Karnataka HC adjourns MUDA case hearing to September 2

Cabinet’s ‘advice’ to the governor was a copy-paste of AG’s opinion, says Solicitor General Tushar Mehta

Siddaramaiah Karnataka Chief Minister Siddaramaiah

The Karnataka cabinet’s “advice” to the governor not to prosecute Chief minister Siddaramaiah in the MUDA land allotment case was a “collective non-application of the mind” as it was a “copy-paste” of the Advocate General’s opinion, said Solicitor General Tushar Mehta, who appeared for the governor in the Karnataka High Court on Saturday. 

A single-judge bench of Justice M. Nagaprasanna hearing the petition seeking to quash the governor’s sanction order (to prosecute the CM), adjourned the hearing to September 2, and also refused to allow proceedings in the trial court till the matter is being heard before the High Court. 

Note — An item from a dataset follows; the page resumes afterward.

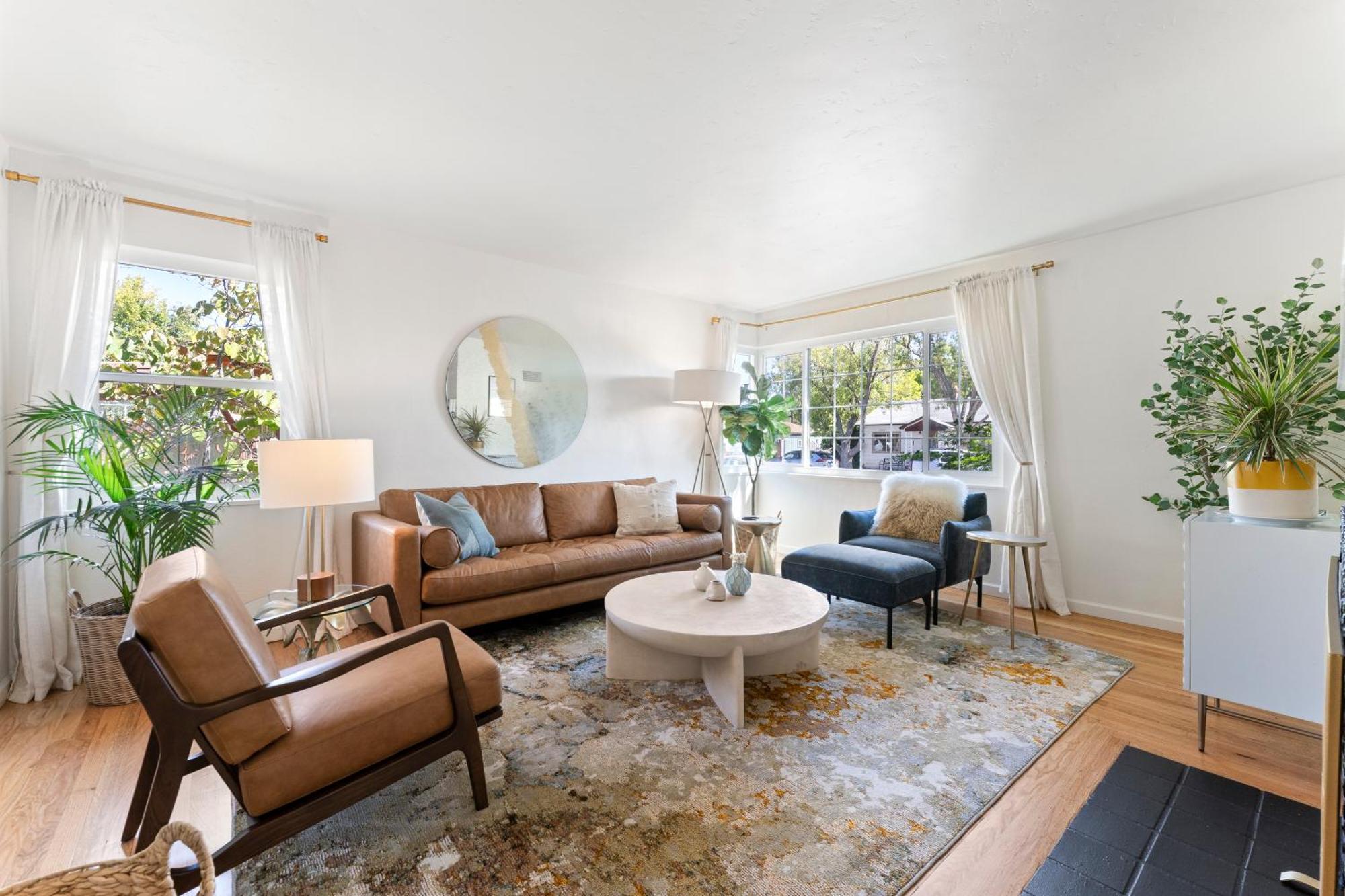 New! Family & Business Hub- Fire Pit Bbq * Reno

“The opinion of the AG is reproduced verbatim in the cabinet note (advice), in the chief secretary’s note as well as the CM’s reply to the show-cause notice issued by the Governor. The irony is, Bengaluru being the IT capital of the country, there is Artificial Intelligence (AI) available. They could have at least used AI for paraphrasing instead of copying para by para. On lighter note, they say AI can never match natural stupidity. This is a collective non-application of mind,” said Mehta. 

The petitioner (CM) represented by advocate Abhishek Manu Singhvi, on August 29, had called the governor’s sanction order as “hasty” and as one that reflected no “application of mind”. Singhvi had also stated that the cabinet “aid and advice” to the governor was not considered. 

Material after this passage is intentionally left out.